▶ **Task to complete**
Pictures do not belong in the copy. Write out exactly the lines from the one containing "Sunset Serenity Himarë Eksteriør billede" through the end of the data.

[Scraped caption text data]
== Segment start ==
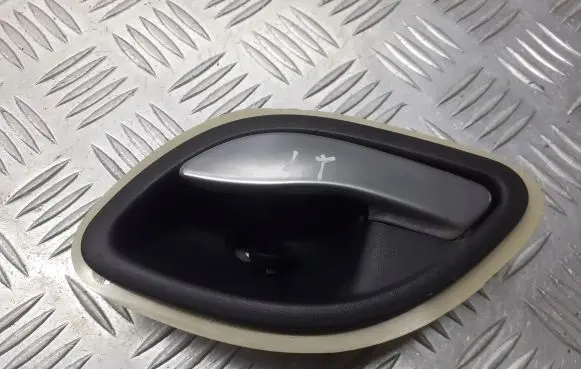 Renault Espace IV Rear door interior handle 8200000723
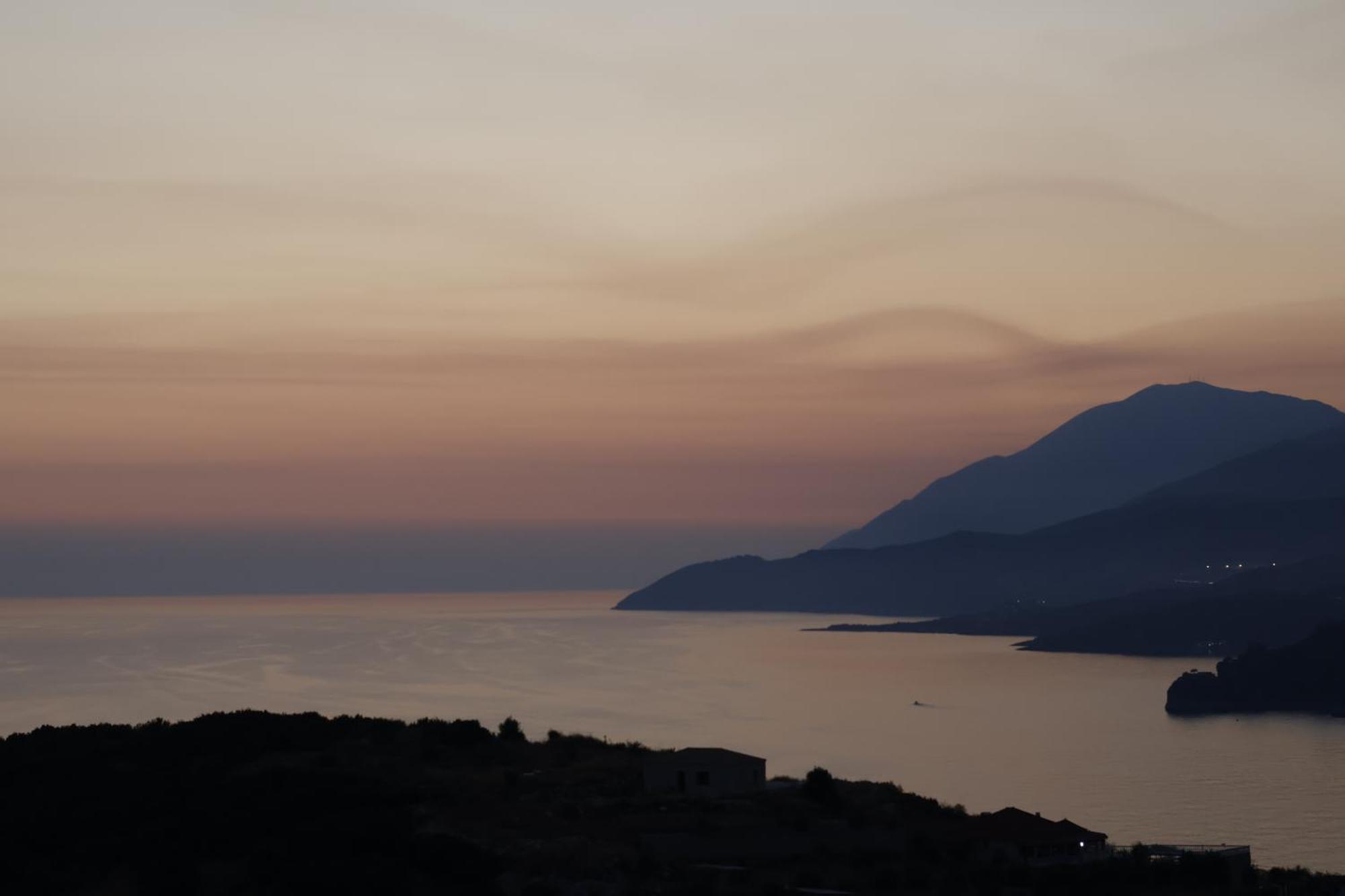 Sunset Serenity Himarë Eksteriør billede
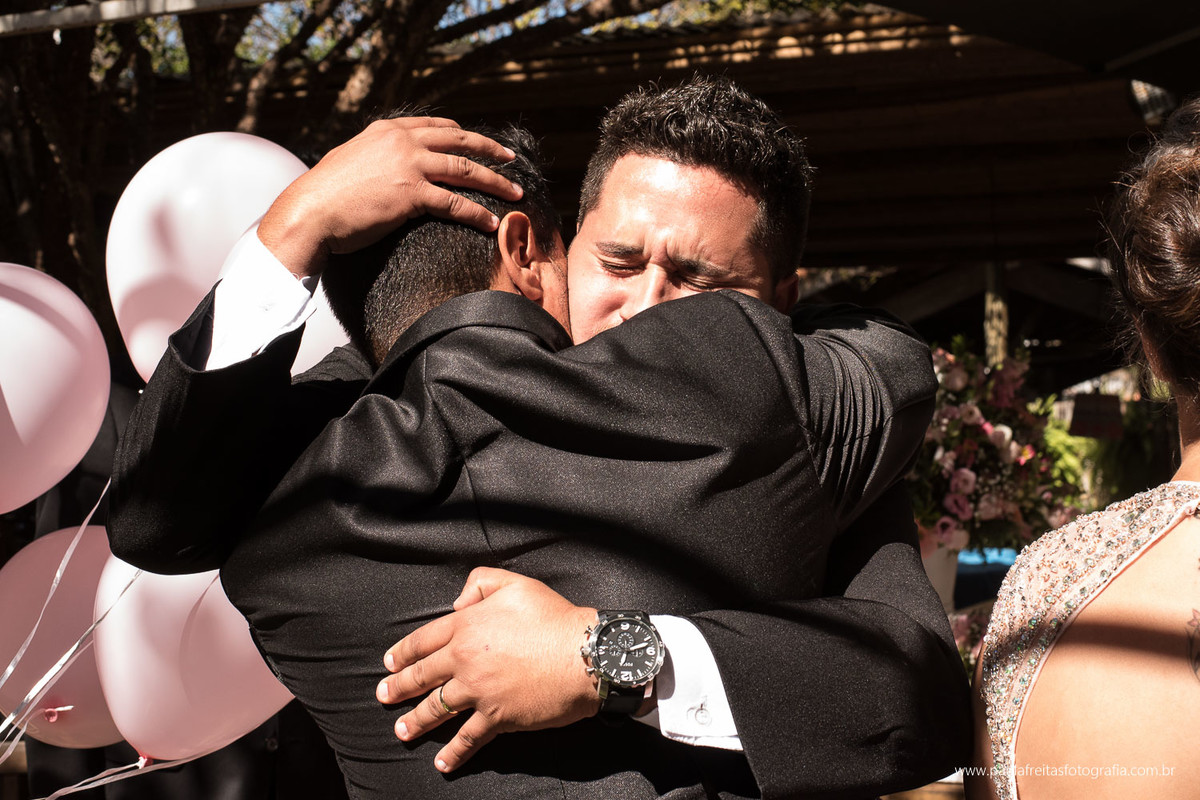 casamento de dia no restaurante da luciana em guaratingueta fotografado por paula freitas fotografia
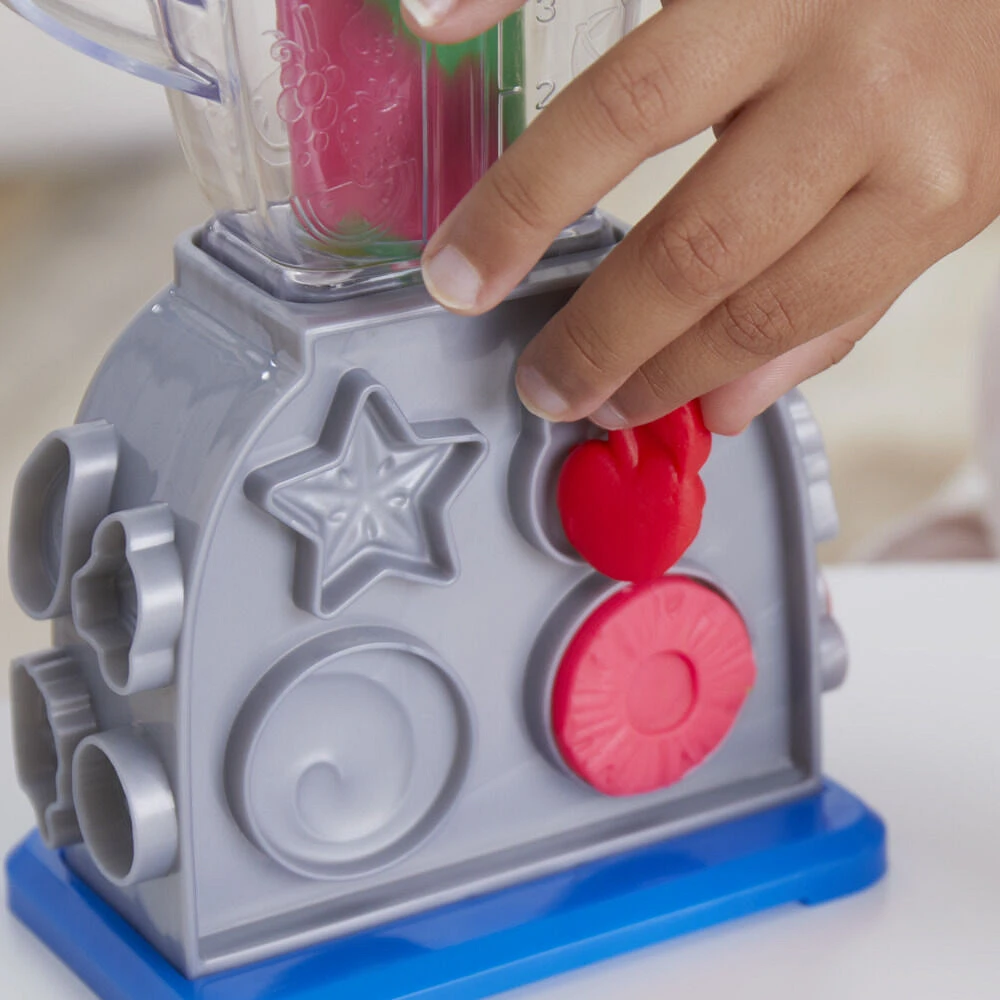 Play-Doh Swirlin' Smoothies Toy Blender Playset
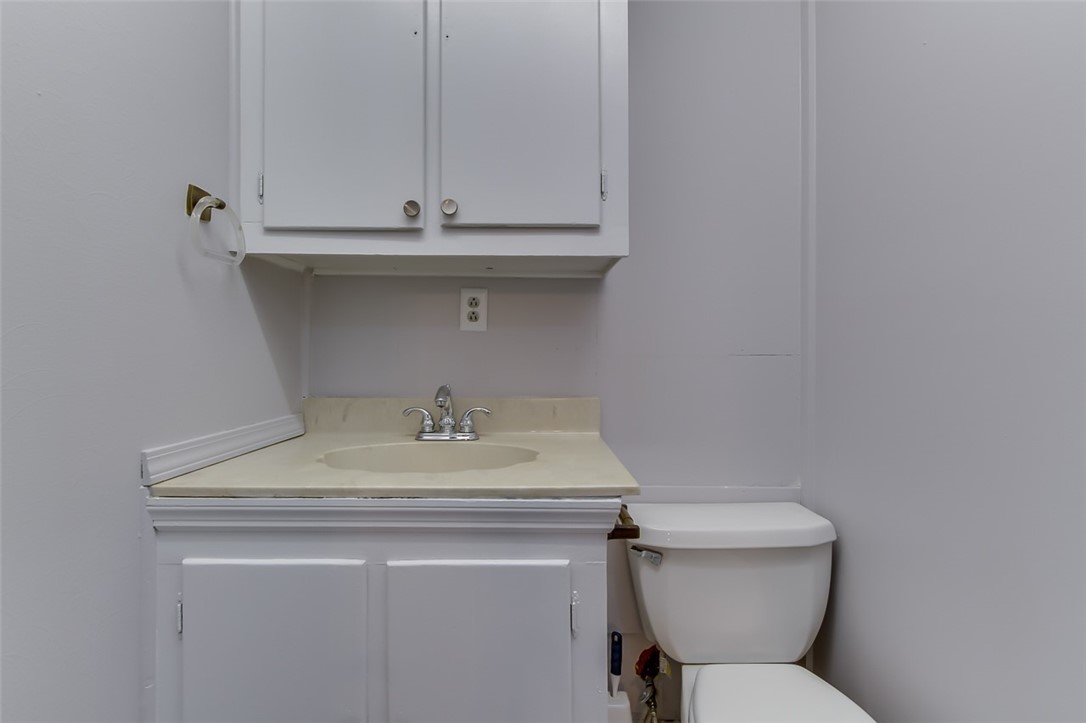 411 South Elm Street Pendleton, SC 29670 - Photo 28 of 40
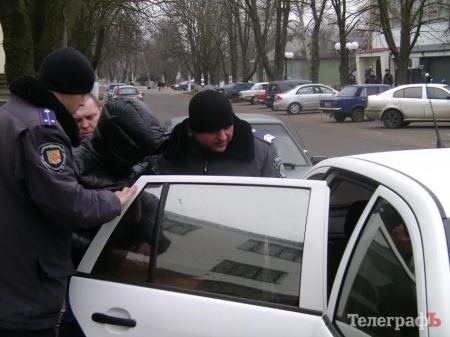 Пока Алексеев под стражей, кто-то жалуется от его имени на кременчугских чиновников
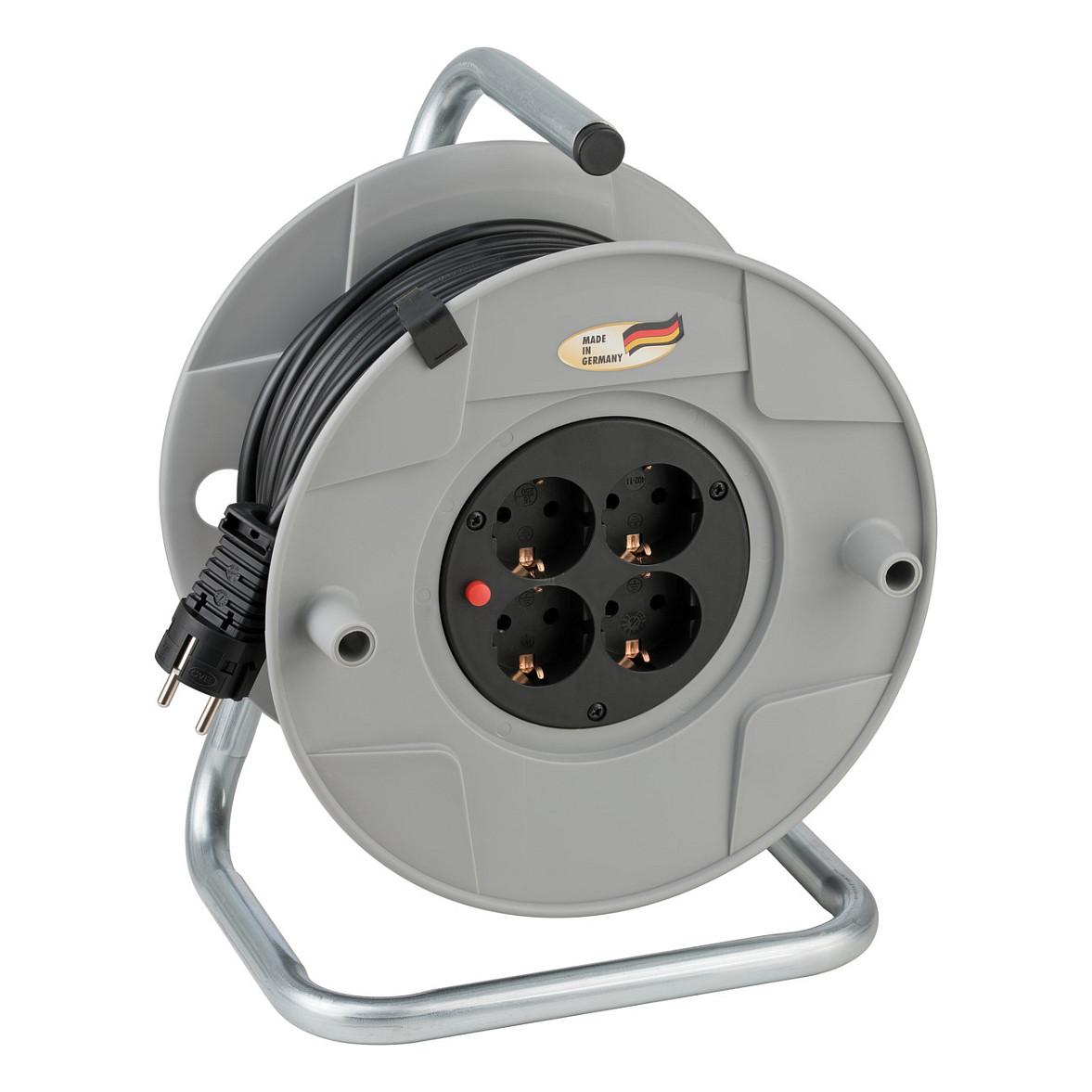 Brennenstuhl AK 260, Hvid, Plast, 4 AC stikkontakt(er), Lige, 40 m, IP20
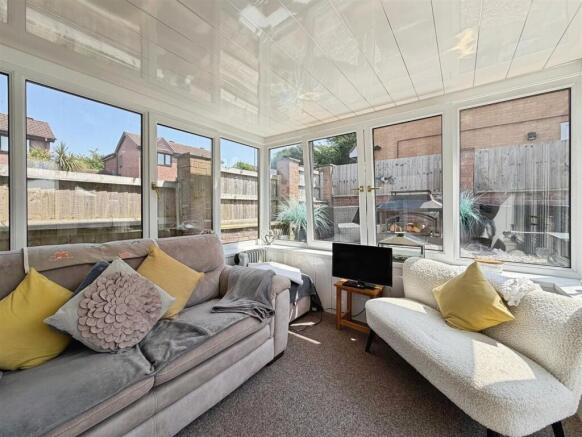 2 bed Detached Bungalow for sale Image 8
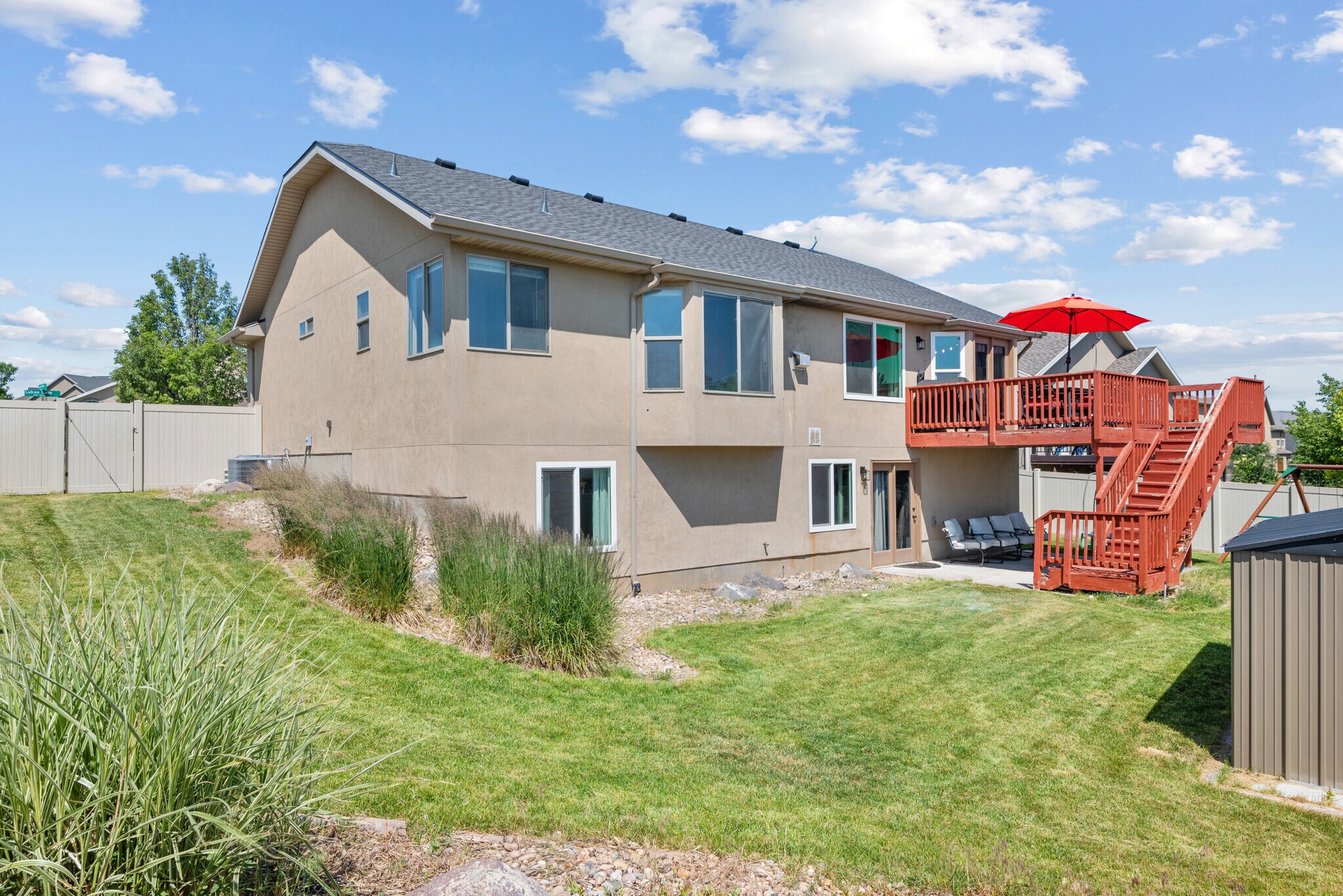 Building Photo - 1396 S Lukas Ln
== Segment end ==
▶ **Completed task**
 Sunset Serenity Himarë Eksteriør billede
 casamento de dia no restaurante da luciana em guaratingueta fotografado por paula freitas fotografia
 Play-Doh Swirlin' Smoothies Toy Blender Playset
 411 South Elm Street Pendleton, SC 29670 - Photo 28 of 40
 Пока Алексеев под стражей, кто-то жалуется от его имени на кременчугских чиновников
 Brennenstuhl AK 260, Hvid, Plast, 4 AC stikkontakt(er), Lige, 40 m, IP20
 2 bed Detached Bungalow for sale Image 8
 Building Photo - 1396 S Lukas Ln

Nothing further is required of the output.